*Supplied information*:
_ _ _ _ _

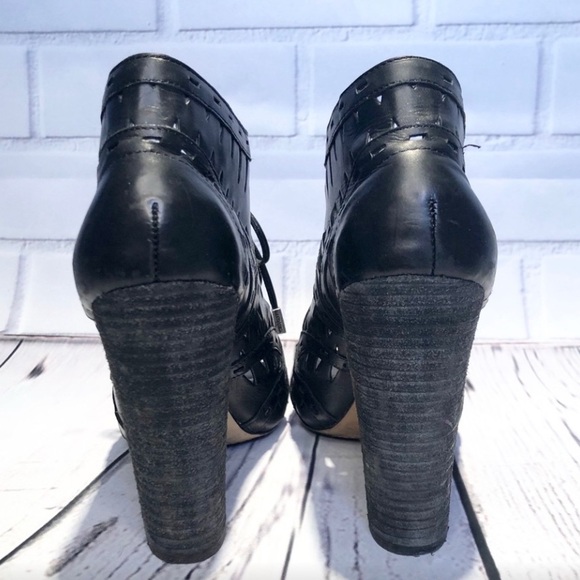 🌿 Vince Camuto Carma cutout booties 
Size 8 - Picture 7 of 8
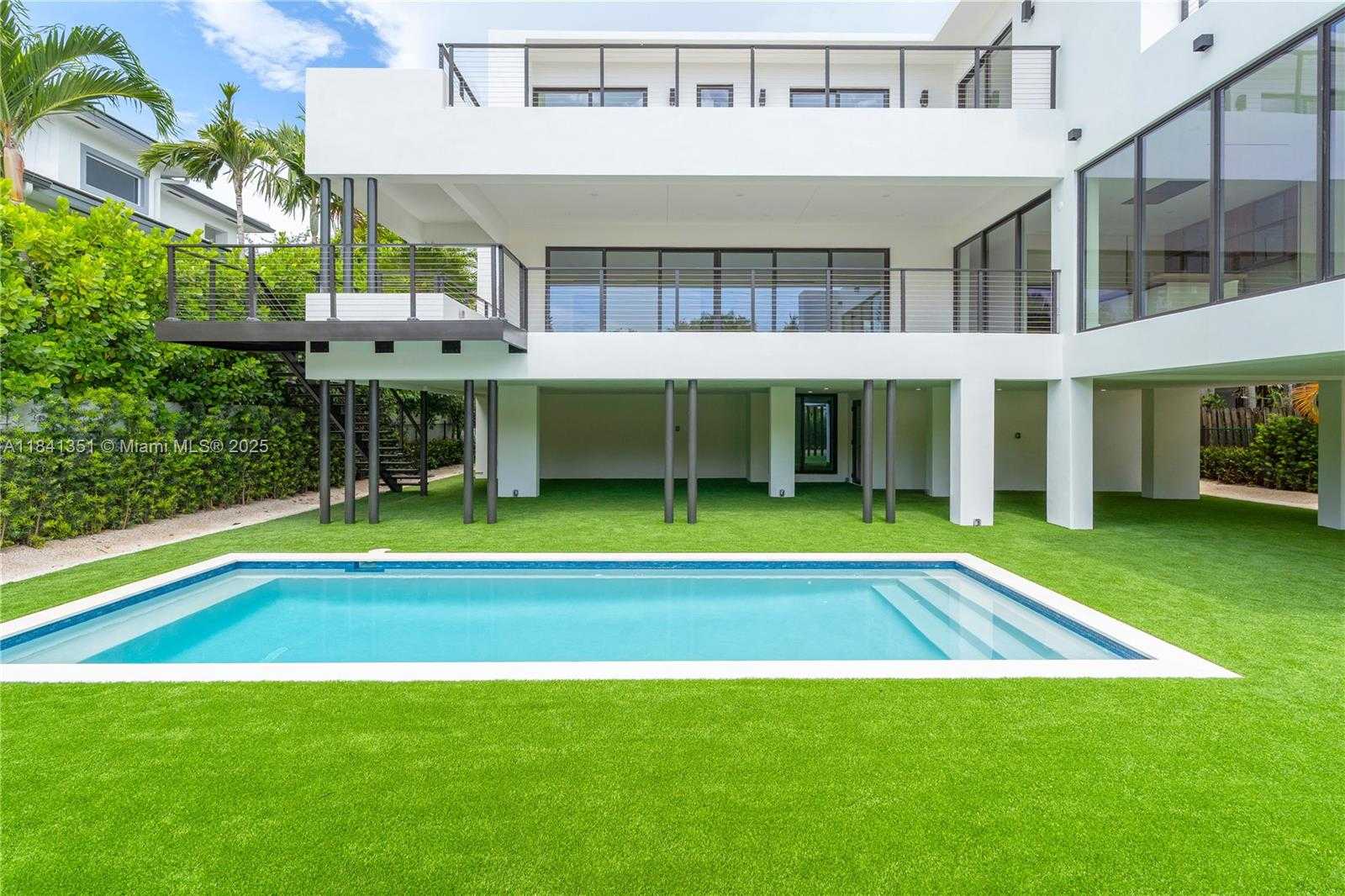 Small Image of 285 WOODCREST RD, Key Biscayne Number 6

_ _ _ _ _

*What to produce*:
Exclude the pictures, and transcribe all of the material exactly.

*Written response*:
 🌿 Vince Camuto Carma cutout booties 
Size 8 - Picture 7 of 8
 Small Image of 285 WOODCREST RD, Key Biscayne Number 6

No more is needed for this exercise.